Space on the shelves is a critical element in maximizing retail sales, and inventory shortages can hinder a company’s ability to retain the value of real space. A scenario analysis has helped a supplier discover a different mix of products, allowingit to hold onto shelves without compromising sales at the store.
After reviewing the company’s financials, Goldstein created an interactive electronic dashboard for salespeople to ensure stores could assess the impact of trying out different mixes of products. Goldstein then analyzed the flexibility a company could have to transfer increasing wholesale costs, analyzing sales data to devise strategies. He also developed an idea to cut costs by maximizing delivery drivers’ routes.
“Data-driven financial analyses helped the business make better decisions,” Goldstein says. Goldstein. “By upping the analytical capabilities with even more data, we were able to work more strategically.”
In the wake of this study, the distributor was able to not only retain its margins on gross sales and boost the bottom line of its business, but it is now forecasting an increase of 100% in sales for 2022. It is also moving forward with plans to launch its brand of soft drinks in collaboration with its suppliers worldwide.
Identifying the Building Blocks for a Risk Framework
To prepare for the analysis of scenarios, a company must articulate the assumptions that guide its operations, as understanding them can help identify possible weaknesses. For instance, the soft drink company had to look at the fundamental questions: In light of the rising cost of inputs, Should we take on increasing wholesale and shipping costs to keep relations with our customers? What flexibility do we need to pass on higher costs to consumers? What is the best mix of products for our biggest customers? Do we have the potential to increase efficiency by altering the distribution method we use to offer our products?
In addition, businesses need to be aware that these risks could exacerbate each other. For instance, an incident that results in identity theft could damage the company’s reputation.
After threats have been uncovered, the company can turn to calculate the potential cost.
Analyzing the Impacts
The next stage is where the analysis of scenarios differs most from conventional risk management, changing the focus from responding to predicted events instead of looking at opportunities and impacts. This may mean looking at a company’s financial structure to identify actions it can adopt to boost its cash balance or diversify the key suppliers. The latest method involves more excellent mathematical analyses than traditional risk management. It includes measures like these:
Examine the elements that could trigger a shock, possibly because of a geopolitical incident or natural catastrophe. Add probabilities to these factors whenever they are.
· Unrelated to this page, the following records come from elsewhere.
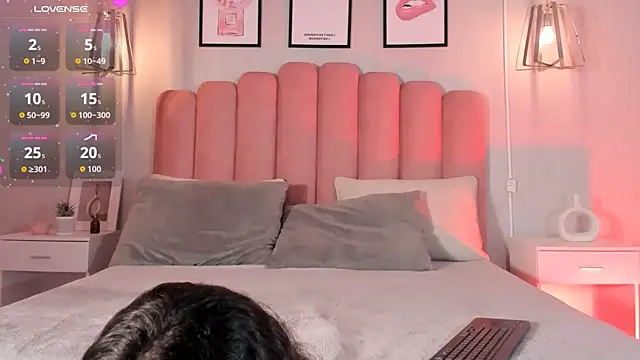 Ashleyy piink online show from April 15, 2026, 8:31 pm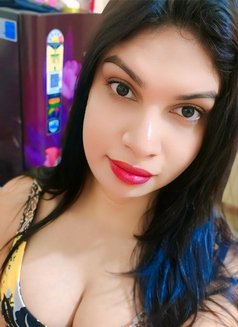 Alisha Transgirl - Acompañantes transexual in Navi Mumbai Photo 3 of 3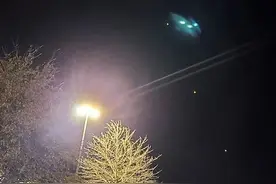 美国午夜出现蓝光和一群亮点，超2万人认为是外星飞碟，真相来了图片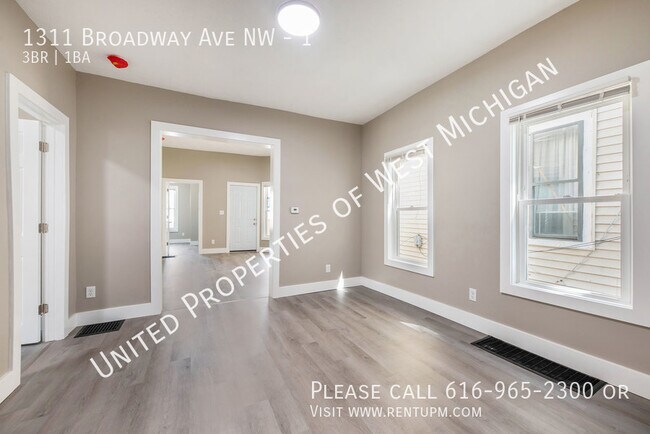 Building Photo - Available Now |  3 Bedroom, 1 Bath Apartme...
Examine these probabilities about relevant information from the company’s operations. Consider first-order and second-order impacts, like how a drop or surge in price could not just influence sales but may also flow into other areas such as research and development.
Use a spreadsheet or algorithmic software to find the mathematical connections between corporate risk data and risks. Utilize this information to determine how different elements of the company react to disruptions and identify the areas that need attention.
Based on this research, the company can create contingency plans to prepare to deal with the more critical situations, not only the most likely ones. This can help a business understand the various forces influencing its business, good and bad. It also can provide a solid and factual basis for making difficult choices.